Work to be completed: Which lines in the records below contain the word "Blue"? Copy each one out.

Excerpted records:

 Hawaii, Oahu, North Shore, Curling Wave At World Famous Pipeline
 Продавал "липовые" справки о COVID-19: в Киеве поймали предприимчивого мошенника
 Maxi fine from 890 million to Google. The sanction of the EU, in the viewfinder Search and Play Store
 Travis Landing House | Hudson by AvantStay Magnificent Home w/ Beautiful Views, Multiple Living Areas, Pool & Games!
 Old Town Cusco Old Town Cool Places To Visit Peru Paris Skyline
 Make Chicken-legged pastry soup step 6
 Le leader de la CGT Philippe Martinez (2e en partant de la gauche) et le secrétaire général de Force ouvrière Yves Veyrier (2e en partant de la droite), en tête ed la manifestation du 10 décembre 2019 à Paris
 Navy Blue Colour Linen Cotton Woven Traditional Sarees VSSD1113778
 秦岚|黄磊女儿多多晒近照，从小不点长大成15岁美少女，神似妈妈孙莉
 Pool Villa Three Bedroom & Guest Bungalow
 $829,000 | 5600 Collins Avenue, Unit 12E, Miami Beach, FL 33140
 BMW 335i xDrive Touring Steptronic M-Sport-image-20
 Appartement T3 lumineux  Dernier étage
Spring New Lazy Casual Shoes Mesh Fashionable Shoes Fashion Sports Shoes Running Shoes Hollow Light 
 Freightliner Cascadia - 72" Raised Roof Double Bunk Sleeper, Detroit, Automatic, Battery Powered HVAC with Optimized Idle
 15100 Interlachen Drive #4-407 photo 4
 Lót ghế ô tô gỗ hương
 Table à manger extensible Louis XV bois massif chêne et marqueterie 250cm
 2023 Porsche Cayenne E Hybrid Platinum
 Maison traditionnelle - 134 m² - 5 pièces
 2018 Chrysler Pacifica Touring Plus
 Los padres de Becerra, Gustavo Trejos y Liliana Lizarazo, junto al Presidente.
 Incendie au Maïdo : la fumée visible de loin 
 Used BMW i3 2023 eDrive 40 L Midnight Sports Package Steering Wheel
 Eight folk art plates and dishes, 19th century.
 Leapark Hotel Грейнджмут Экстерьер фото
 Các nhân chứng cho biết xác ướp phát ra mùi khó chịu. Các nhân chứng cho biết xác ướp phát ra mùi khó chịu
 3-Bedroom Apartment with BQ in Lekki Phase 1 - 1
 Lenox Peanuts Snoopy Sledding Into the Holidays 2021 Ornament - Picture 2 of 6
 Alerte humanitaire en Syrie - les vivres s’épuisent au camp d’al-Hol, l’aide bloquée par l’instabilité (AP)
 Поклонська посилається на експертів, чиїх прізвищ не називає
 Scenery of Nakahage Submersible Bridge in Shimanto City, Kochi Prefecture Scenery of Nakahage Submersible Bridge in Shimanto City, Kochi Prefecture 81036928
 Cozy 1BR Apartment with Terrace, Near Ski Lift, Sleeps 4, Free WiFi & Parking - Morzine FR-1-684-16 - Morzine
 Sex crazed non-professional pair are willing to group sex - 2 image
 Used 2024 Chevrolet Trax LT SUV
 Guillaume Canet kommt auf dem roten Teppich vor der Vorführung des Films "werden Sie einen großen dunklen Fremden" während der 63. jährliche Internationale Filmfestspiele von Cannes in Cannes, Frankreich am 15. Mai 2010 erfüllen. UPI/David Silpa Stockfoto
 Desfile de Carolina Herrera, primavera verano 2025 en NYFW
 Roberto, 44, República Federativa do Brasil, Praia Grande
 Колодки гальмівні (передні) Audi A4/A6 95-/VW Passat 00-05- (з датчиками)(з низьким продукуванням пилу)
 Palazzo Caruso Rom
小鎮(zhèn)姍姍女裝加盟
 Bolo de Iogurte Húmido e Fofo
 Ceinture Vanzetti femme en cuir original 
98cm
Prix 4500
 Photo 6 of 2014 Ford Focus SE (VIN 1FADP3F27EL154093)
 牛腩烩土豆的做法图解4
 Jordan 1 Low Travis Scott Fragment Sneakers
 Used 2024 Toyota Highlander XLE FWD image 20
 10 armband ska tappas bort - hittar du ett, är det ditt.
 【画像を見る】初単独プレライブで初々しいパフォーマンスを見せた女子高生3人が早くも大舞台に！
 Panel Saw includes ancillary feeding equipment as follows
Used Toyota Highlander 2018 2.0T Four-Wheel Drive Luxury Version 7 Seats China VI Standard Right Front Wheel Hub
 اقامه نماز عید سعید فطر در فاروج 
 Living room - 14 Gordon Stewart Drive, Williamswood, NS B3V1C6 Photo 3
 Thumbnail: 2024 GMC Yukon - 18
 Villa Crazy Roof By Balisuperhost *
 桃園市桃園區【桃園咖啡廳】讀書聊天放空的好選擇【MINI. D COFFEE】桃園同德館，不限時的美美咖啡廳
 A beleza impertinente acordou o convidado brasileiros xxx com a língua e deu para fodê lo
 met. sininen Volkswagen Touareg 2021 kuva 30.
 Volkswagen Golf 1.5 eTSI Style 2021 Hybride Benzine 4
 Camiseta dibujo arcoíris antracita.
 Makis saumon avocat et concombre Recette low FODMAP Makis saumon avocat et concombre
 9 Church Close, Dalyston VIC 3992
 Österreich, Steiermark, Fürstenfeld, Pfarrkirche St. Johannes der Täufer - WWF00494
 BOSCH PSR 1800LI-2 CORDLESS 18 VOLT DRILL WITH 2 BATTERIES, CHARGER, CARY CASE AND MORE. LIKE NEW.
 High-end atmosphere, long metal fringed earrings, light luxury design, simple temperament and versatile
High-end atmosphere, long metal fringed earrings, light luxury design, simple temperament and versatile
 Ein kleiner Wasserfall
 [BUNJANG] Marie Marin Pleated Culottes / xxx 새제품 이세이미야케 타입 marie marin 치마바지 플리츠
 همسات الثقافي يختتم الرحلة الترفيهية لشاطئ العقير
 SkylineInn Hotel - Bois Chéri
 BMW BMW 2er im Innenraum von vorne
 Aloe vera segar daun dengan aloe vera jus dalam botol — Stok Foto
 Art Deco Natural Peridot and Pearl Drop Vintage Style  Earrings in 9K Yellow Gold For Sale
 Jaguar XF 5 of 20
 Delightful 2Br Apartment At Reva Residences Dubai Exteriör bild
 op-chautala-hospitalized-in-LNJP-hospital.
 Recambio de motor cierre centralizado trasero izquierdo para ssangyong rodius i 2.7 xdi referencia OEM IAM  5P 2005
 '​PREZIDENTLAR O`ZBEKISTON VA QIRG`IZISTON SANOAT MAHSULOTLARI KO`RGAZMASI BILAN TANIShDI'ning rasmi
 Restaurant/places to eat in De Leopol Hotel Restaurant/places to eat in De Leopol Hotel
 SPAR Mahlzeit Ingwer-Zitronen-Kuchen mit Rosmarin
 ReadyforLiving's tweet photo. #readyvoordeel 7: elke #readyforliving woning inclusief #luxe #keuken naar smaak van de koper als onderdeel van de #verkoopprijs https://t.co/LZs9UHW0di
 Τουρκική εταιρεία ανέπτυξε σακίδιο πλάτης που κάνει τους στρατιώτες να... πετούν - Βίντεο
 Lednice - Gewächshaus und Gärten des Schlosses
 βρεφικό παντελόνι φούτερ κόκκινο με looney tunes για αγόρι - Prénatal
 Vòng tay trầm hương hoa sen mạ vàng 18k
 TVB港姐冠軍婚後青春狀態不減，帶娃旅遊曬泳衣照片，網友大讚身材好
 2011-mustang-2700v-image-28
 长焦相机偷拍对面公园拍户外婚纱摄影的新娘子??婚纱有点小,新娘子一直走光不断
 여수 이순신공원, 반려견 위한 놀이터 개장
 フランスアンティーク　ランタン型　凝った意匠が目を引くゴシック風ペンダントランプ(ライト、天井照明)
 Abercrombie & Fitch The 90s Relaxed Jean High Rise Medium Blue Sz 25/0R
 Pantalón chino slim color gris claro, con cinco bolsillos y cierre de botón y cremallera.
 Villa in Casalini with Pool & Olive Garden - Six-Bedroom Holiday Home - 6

Finished task:
 Navy Blue Colour Linen Cotton Woven Traditional Sarees VSSD1113778
 Abercrombie & Fitch The 90s Relaxed Jean High Rise Medium Blue Sz 25/0R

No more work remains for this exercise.